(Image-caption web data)
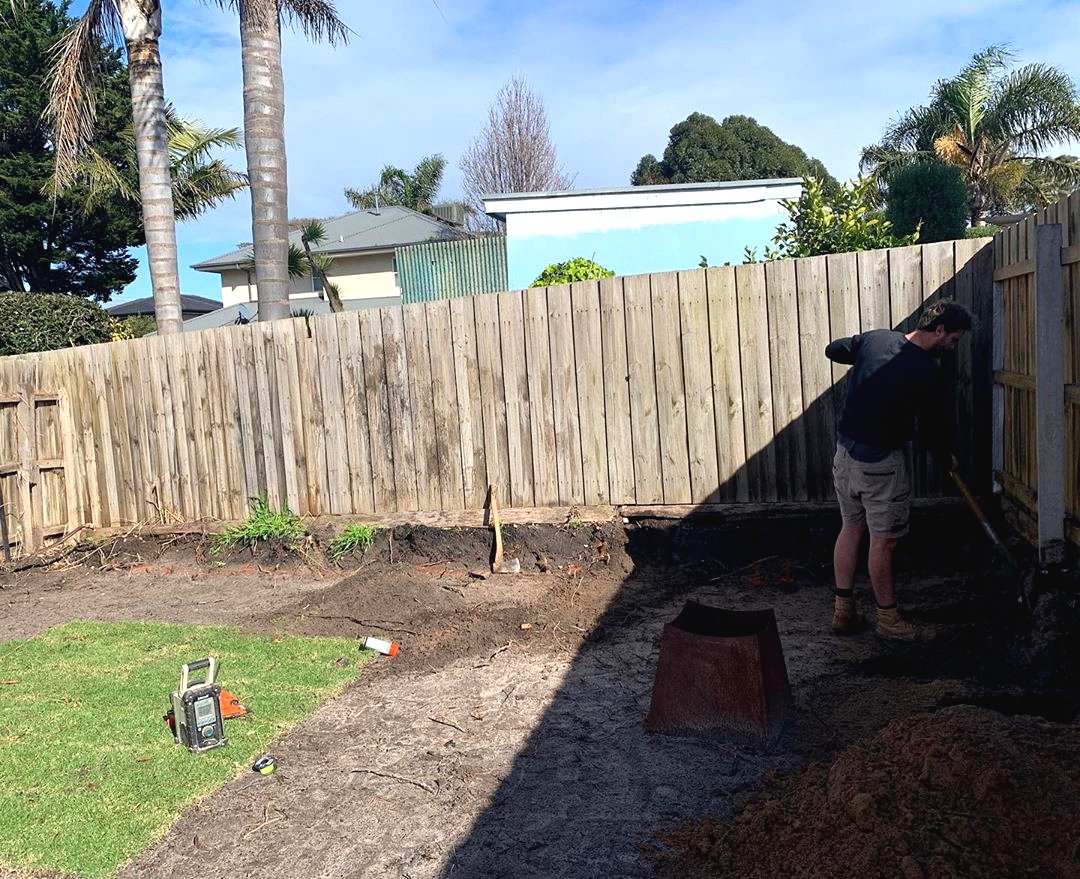 Как оформить зону отдыха на даче своими руками? - фото 9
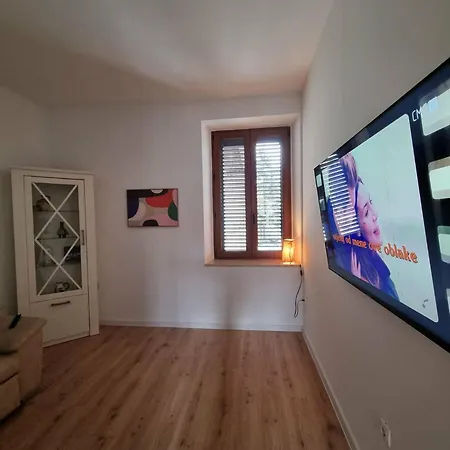 Apartman Marine Zára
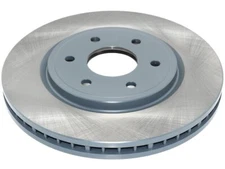 For 2009-2012 Suzuki Equator Brake Rotor Front 43566BGNG 2010 2011 4.0L V6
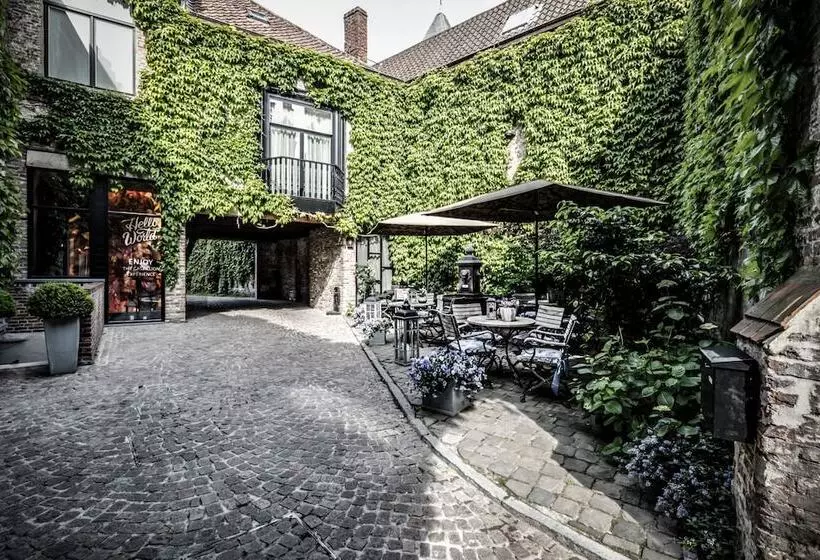 Fotos del hotel De Castillion - Small Elegant Family:  13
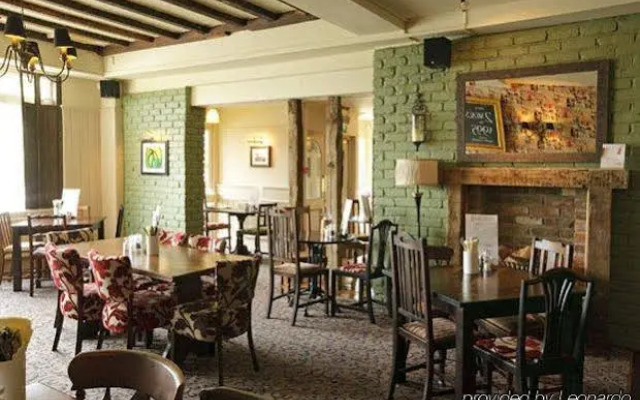 The Raven Hotel by Greene King Inns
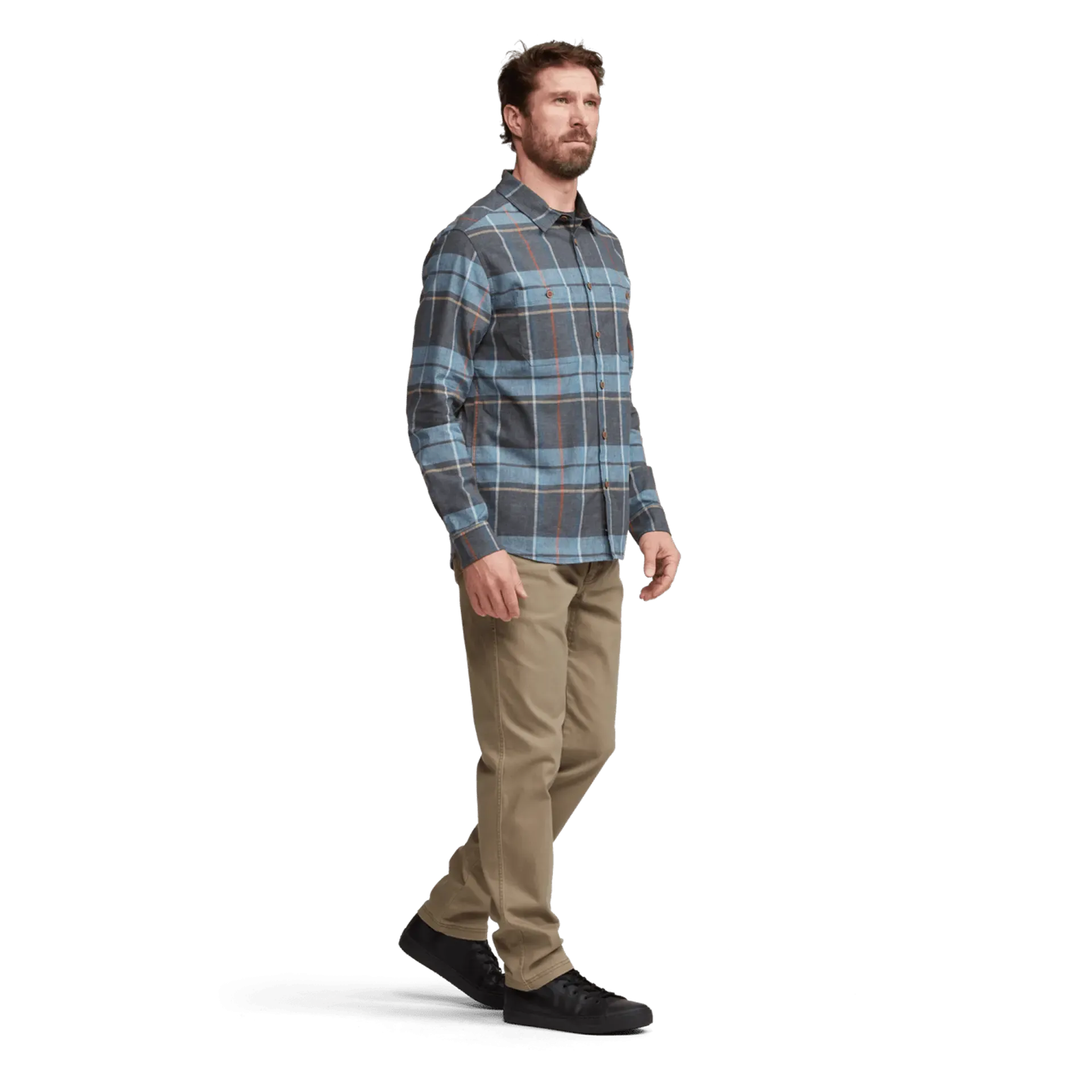 Sitka M's Ambary LS Shirt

*Work instructions*
Working from the records above, reproduce exactly the lines from the one with "For 2009-2012 Suzuki" through the last line, without the pictures.

*Answer space*
 For 2009-2012 Suzuki Equator Brake Rotor Front 43566BGNG 2010 2011 4.0L V6
 Fotos del hotel De Castillion - Small Elegant Family:  13
 The Raven Hotel by Greene King Inns
 Sitka M's Ambary LS Shirt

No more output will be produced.